In the minimal deployment scheme, we try to retain only the most core and indispensable dependencies to avoid introducing too much complexity. The finally determined dependencies include:
- NVIDIA GPU Operator: Responsible for installing GPU drivers, device plugins, and monitoring components, ensuring that Crater can schedule GPU tasks.
- Bitnami PostgreSQL: A PostgreSQL database service without high availability, mainly used as an external database for Crater in this scheme.
- IngressClass (Ingress-Nginx): Responsible for handling external traffic routing, forwarding user requests to internal cluster services.
- Volcano: A scheduling framework for batch processing and AI workloads, which is the core scheduling component of Crater.
- StorageClass (NFS): A unified distributed storage backend that provides persistent storage capabilities for the database and Harbor.
The reason for selecting these components is that they are key supports for the minimal operational environment of the Crater platform. Without them, the platform cannot operate normally. Functions such as Prometheus/Grafana monitoring stack, MetalLB load balancing, OpenEBS storage, which are more powerful but not essential, are excluded from the minimal version to reduce the deployment threshold.
Installation
Install from GitHub Container Registry (Recommended)
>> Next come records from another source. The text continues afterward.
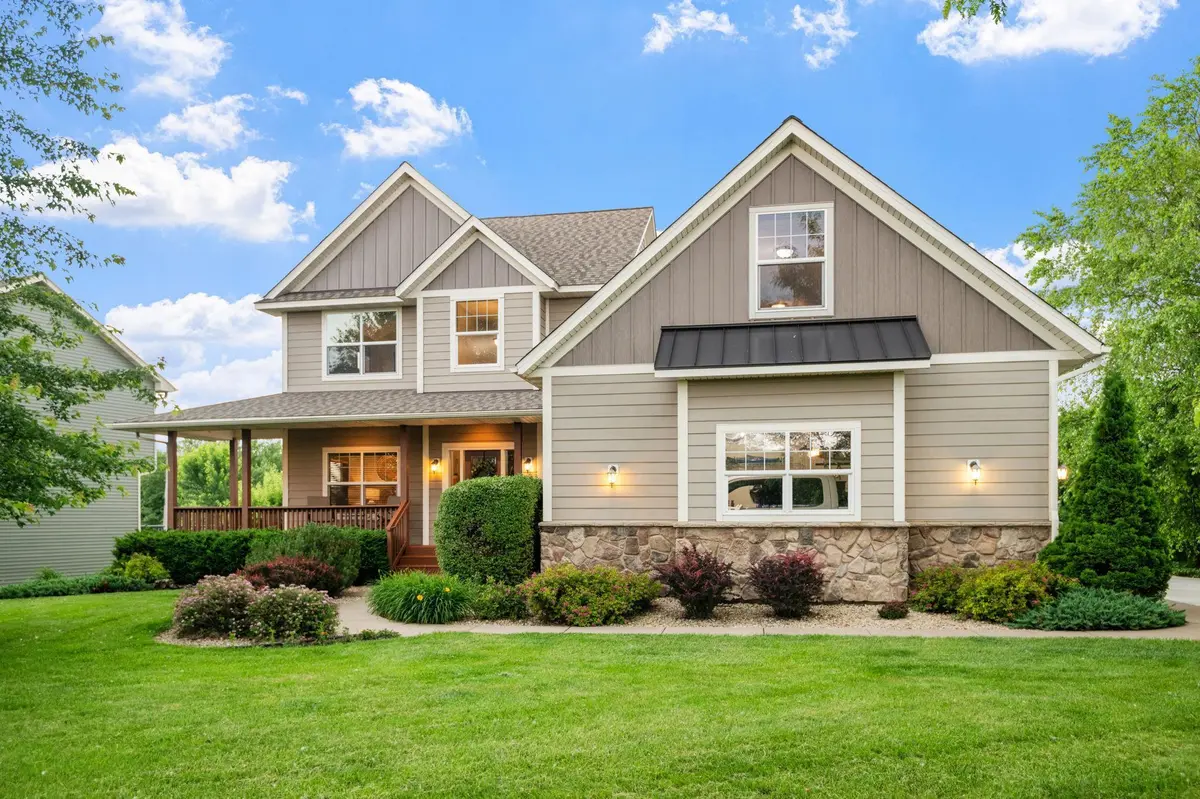 6927 69th CIR NE, Albertville, MN 55301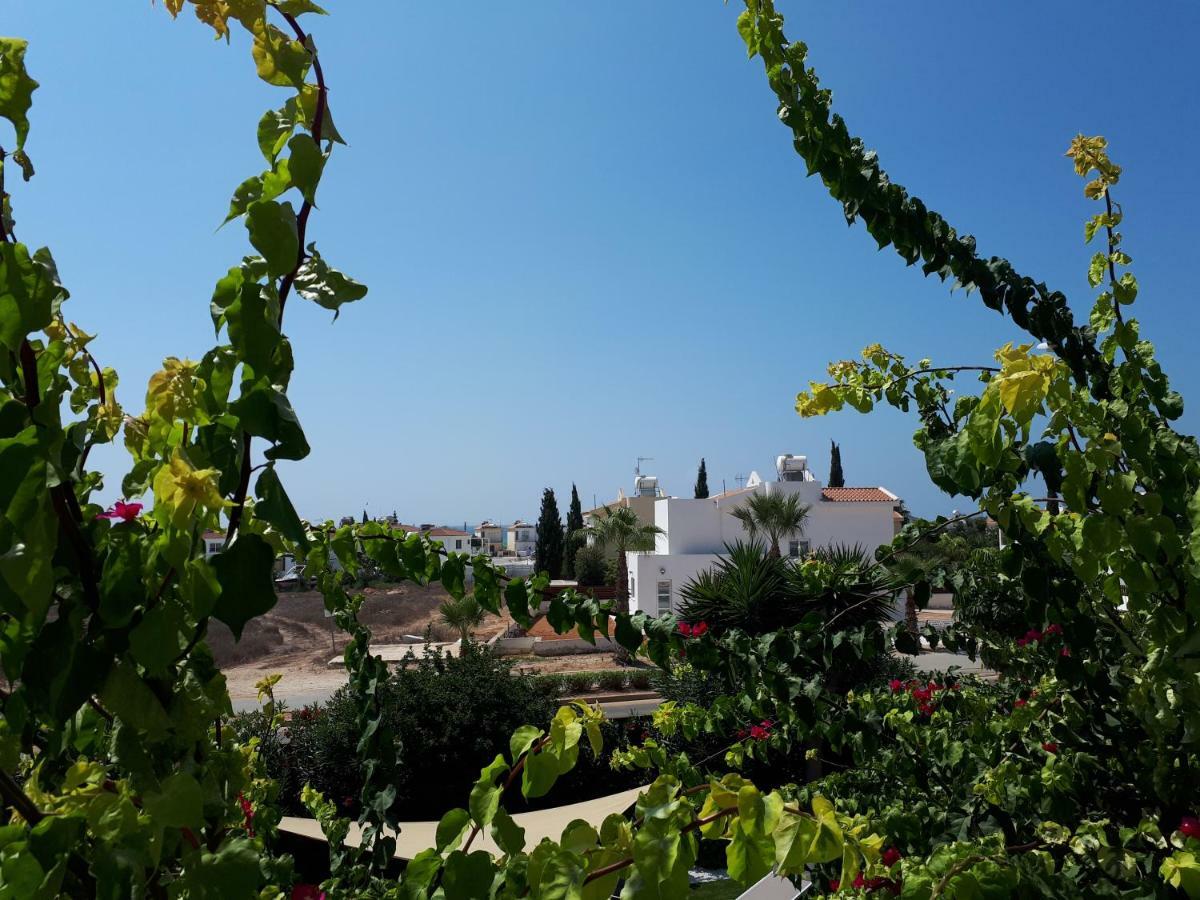Villa Bouboulina Cyprus Айя Напа Екстериор снимка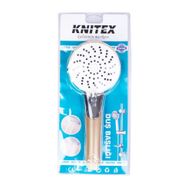 Knitex KTX-2348 Fonksiyonlu Gold Duş Başlığı
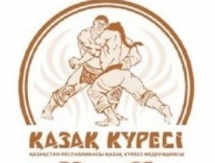 Спортсмен из Семея Куаныш Муратов выиграл международный гран-при по қазақ күресі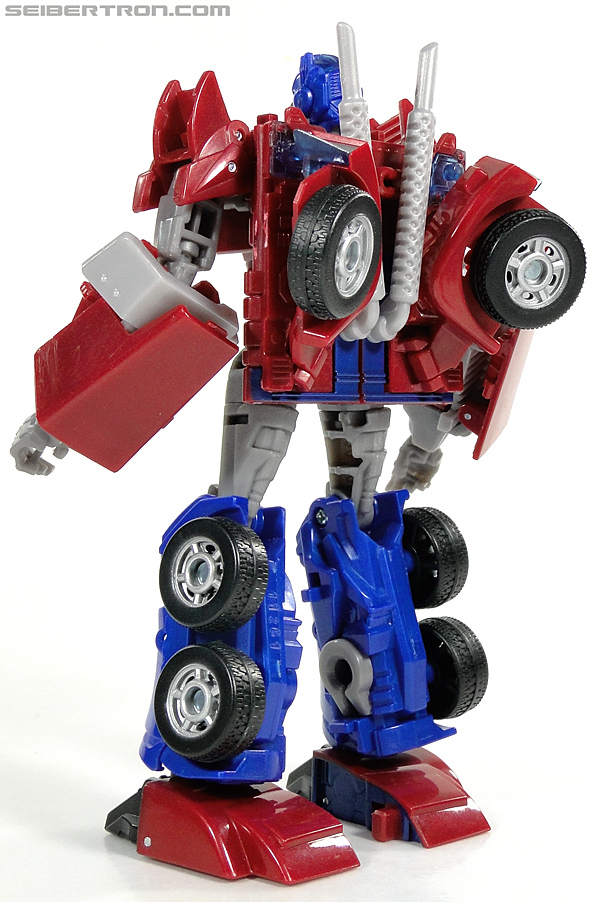 Transformers Prime: First Edition Optimus Prime (Image #80 of 170)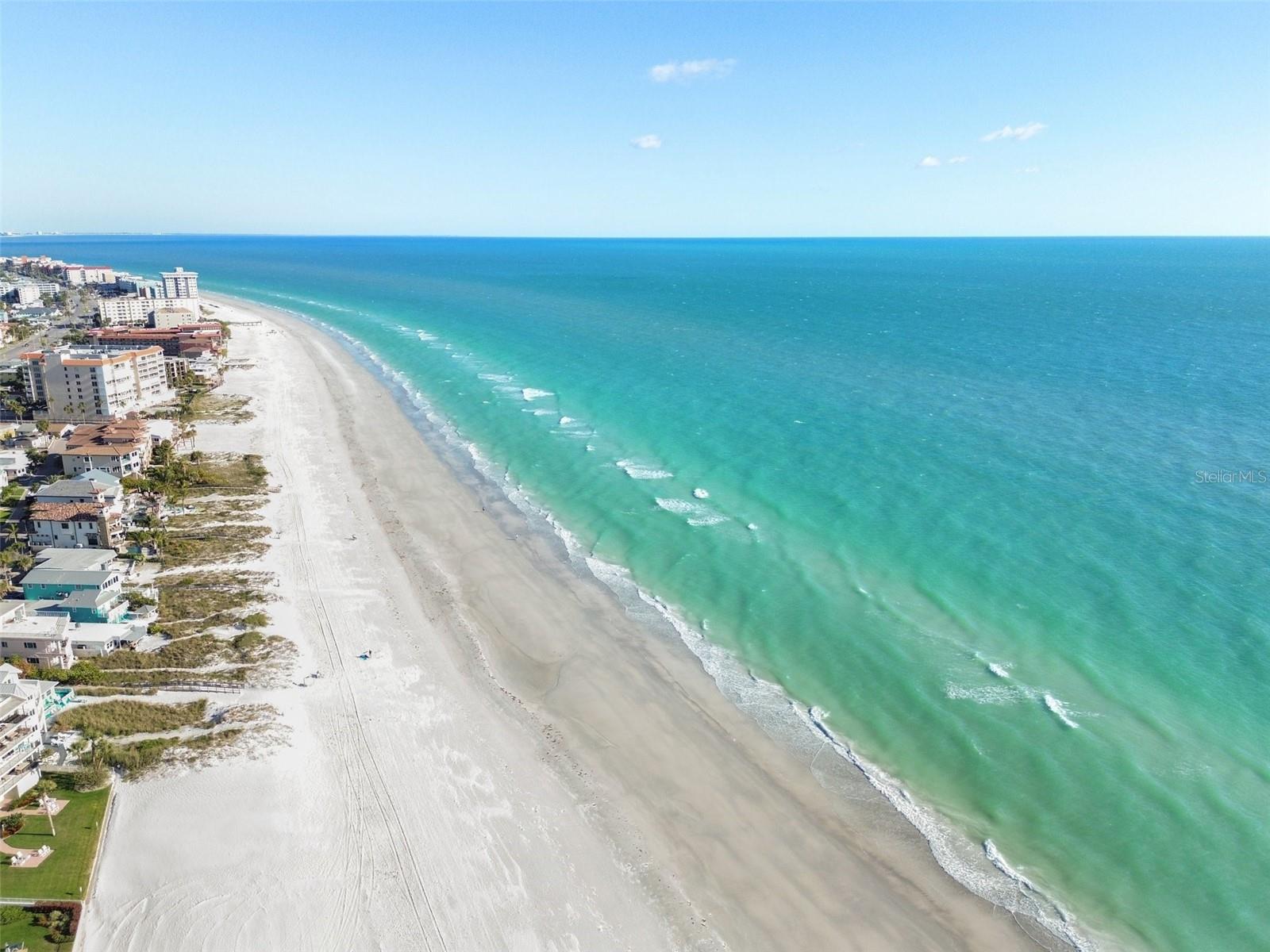 17920 GULF BLVD #208, REDINGTON SHORES, FL — photo 3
# Add the Helm OCI repository
helm registry login ghcr.io
# Install the chart
helm install crater oci://ghcr.io/raids-lab/crater --version 0.1.0
# Or upgrade an existing installation
helm upgrade crater oci://ghcr.io/raids-lab/crater --version 0.1.0
Install from Source
# Clone the repository
git clone https://github.com/raids-lab/crater.git
cd crater/charts
# Install the chart
helm install crater crater/
Configuration
The chart can be configured using a values file. Create a values.yaml
file with your specific configurations:
# Example minimal configuration
backendConfig:
postgres:
host: "your-postgres-host"
password: "your-password"
auth:
accessTokenSecret: "your-access-token-secret"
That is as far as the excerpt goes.